This repository contains the component that extracts privacy-statement tuples from policy sentences of PurPliance.
Download NER model en_core_web_lg.high_f1_data_org.model.tar.xz
and extract the file to src/oppnlp/analyze/pded/models/:
src/oppnlp/analyze/pded/models $ tar -xvf en_core_web_lg.high_f1_data_org.model.tar.xzTo run the code, use a virtual environment and run the test as follows:
# Create new conda python environment.
conda create -n purpliance_oss python=3.8
conda activate purpliance_oss
# Install the current package.
pip install -e .
pip install -r requirements.txt
# Test: Extract privacy statements from each file in test/policies and output
# as json files in test/policies/stmt.
bash test/test.sh
# Extract privacy statements from each file in the $INPUT_DIR
# json files in $INPUT_DIR/stmt.
# INPUT_DIR contains plain sentencized text files *.txt to be analyzed.
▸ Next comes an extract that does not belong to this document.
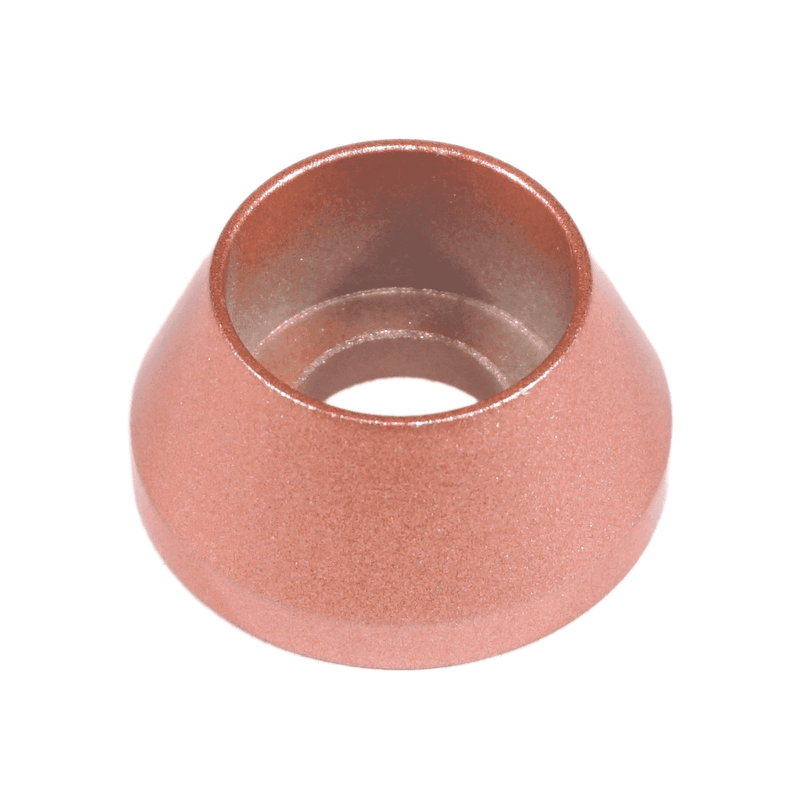 Load image into Gallery viewer, Rose gold ZSPEC billet aluminum dress-up washer for Nissan Skyline GT-R RB26DETT valve cover fastener kit.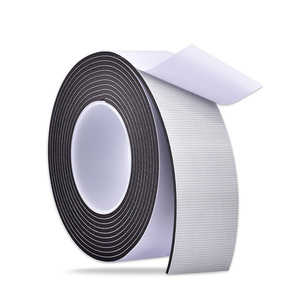 <span class=keywords><strong>Nastro</strong></span> nero EVA in schiuma a un lato spugne impermeabili a caldo con <span class=keywords><strong>nastro</strong></span> <span class=keywords><strong>adesivo</strong></span> forte <span class=keywords><strong>adesivo</strong></span> in schiuma Eva per parete - Product Image 3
# Each non-blank line in the file should contain one and only 1 sentence.
python src/runner/analyze/priv_stmt/run_priv_stmt_extractor.py $INPUT_DIRThe code was tested on Ubuntu 18.04 and MacOS 12.6.
PurPliance is licensed under the BSD-3-Clause License (See LICENSE.txt).
This repo uses code from PolicyLint/PoliCheck repository.